3.       The plaintiff is the son of the defendant, who is the personal representative of her deceased husband, the father of the plaintiff. The claim arises out of an agreement alleged by the plaintiff to exist between him and his deceased father. Specifically, it is claimed that, in or about 2009, his father promised him that the plaintiff would be left three units in a commercial development in the deceased’s will. This did not happen and the alleged breach by the deceased of what the plaintiff says is an enforceable agreement is a central complaint in the proceedings. However, many other matters predating that alleged agreement are referred to in the pleadings, and a large number of reliefs which do not relate to it are included in the Statement of Claim, including a claim for quantum meruit and/or
quantum valebat, and allegations of mismanagement of the estate of the deceased.

The pleadings

4.       The plenary summons was issued on 17 July, 2020 and 25 different reliefs are claimed in the Indorsement of Claim. However, leaving aside claims to interim or interlocutory relief, interest, costs, accounts and inquiries, and damages on an entirely general basis, there remains 18 reliefs in the general Indorsement of Claim. However, these can be grouped into three broad categories:

i.        Paras. 1 to 7 are reliefs relating to an alleged agreement made in or about 2009 between the plaintiff and the deceased, and/or directed at obtaining the ownership of three units in Tallaght Leisure Centre, Tallaght, Dublin 24, being part of the property comprised in Folio 18765 of the Register, County of Dublin,

ii.       Para. 8 is a claim for
quantum meruit
and/or
quantum valebat,

iii.      Paras. 9 to 18 are all directed to issues relating to the administration of the estate.

5.       A Statement of Claim was delivered on 20 January, 2021. Under the heading “Background to and Terms of Agreement” the Statement of Claim refers to three different agreements, one occurring in or about 2000 and set out at para. 6, one being reached in or about 2005, and referred to at para. 9, and one having been concluded, according to the plaintiff, in or about 2009, whereby the deceased agreed to leave him three units in his will. These units are not identified in the Statement of Claim, even though specific performance has been claimed in relation to them. The defendant sought particulars of which units were said to be the subject of this agreement at para. 30 of the Notice and the plaintiff has agreed to identify them.
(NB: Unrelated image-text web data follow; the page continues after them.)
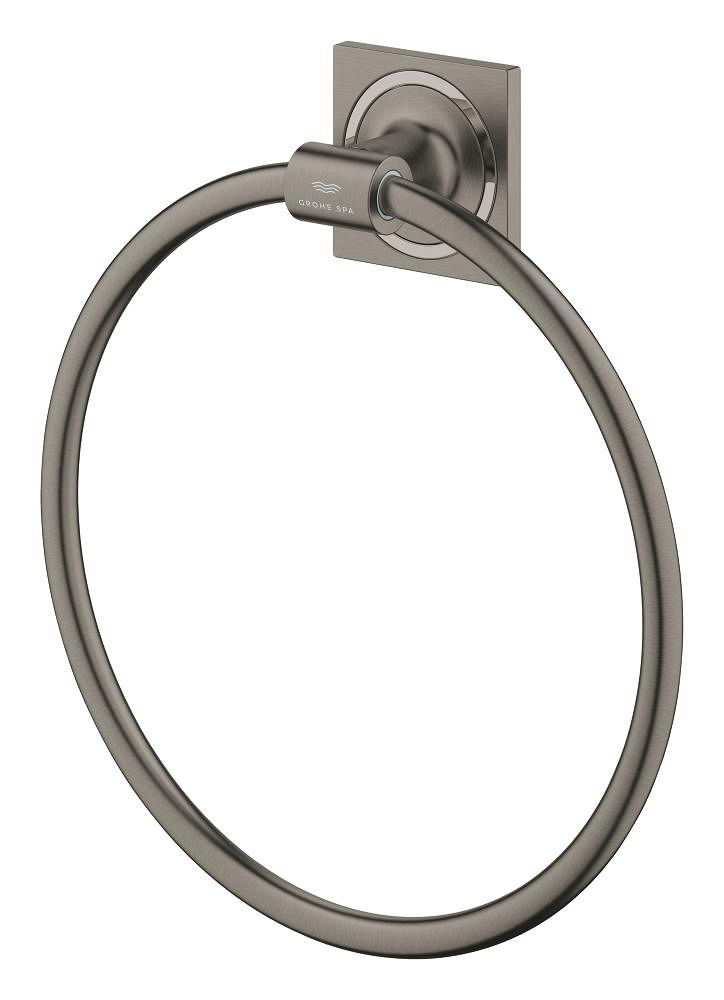 Vòng treo khăn Grohe Spa Allure 40339AL1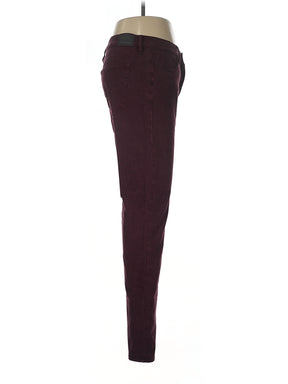 3 size - 8L
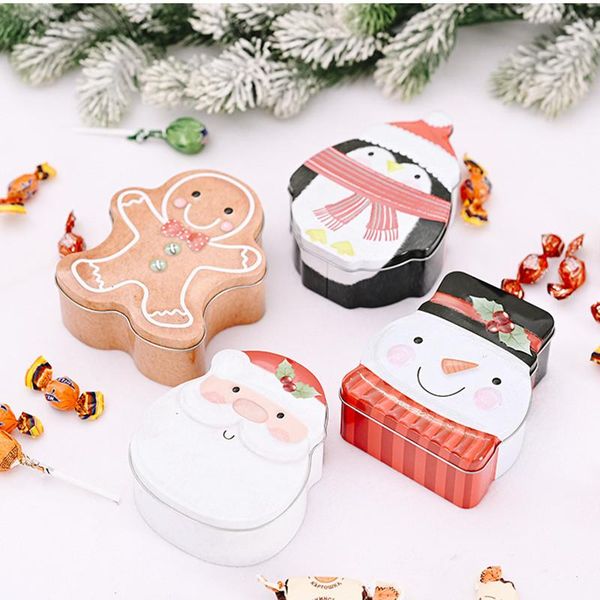 christmas decorations santa claus candy box merry for home tree navidad ornaments year gifts
christmas decorations santa claus candy box merry for home tree navidad ornaments year gifts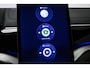 BYD Seal U 1.5 DM-i FWD Boost | PANORAMADAK | STUURVERWARMING | STOELVENTILATIE | 360 CAMERA | NIEUW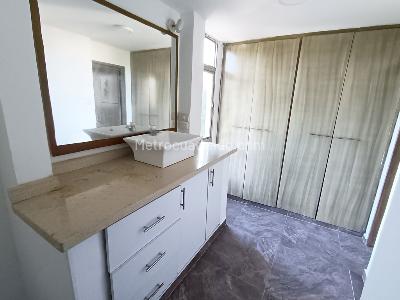 Apartamento en venta en El Prado, Barranquilla · foto 14 de 15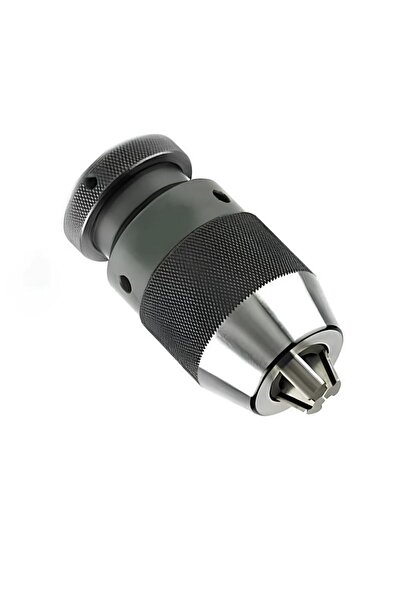 Dw Ø1-16mm. Metal Supra Mandren B16 Konik Ms1616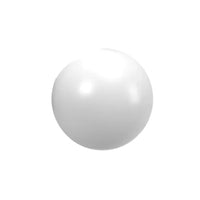 Акрилен емайл KOMPOZIT PROFI Gloss 2,7 л — изображение 2
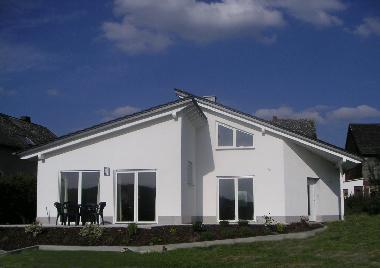 Appartement de vacances /en/au Mudersbach (Lahn-Dill)ou appartement ou maison de vacances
6.       At para. 12 of the Statement of Claim, it is pleaded:

          “In breach of the said agreement and despite representations given by the deceased to the plaintiff on numerous occasions, the deceased failed, refused and/or neglected to devise and bequeath the three units in the development to the plaintiff, causing loss, damage and expense to the plaintiff as a result thereof.

7.       Under the heading “Particulars of Breach of Agreement and Misrepresentation”, the terms of the deceased’s role, and the fact that he died on 29 July, 2018, without leaving the plaintiff three units as the plaintiff alleges he had promised, are set out. Paragraph 17 explicitly pleads that the plaintiff, in accordance with the 2009 agreement, continued to manage the development as agreed with the deceased. At para. 21 of the Statement of Claim, it is then pleaded:

          “In the premises, the Deceased was guilty of breach of contract and agreement in failing, refusing and/or neglecting to make the agreed provision for the plaintiff by way of his will and was further guilty of misrepresentation in representing to the plaintiff that he would make the agreed provision, such that for a considerable period of years the plaintiff acted in reliance thereof and to his detriment.”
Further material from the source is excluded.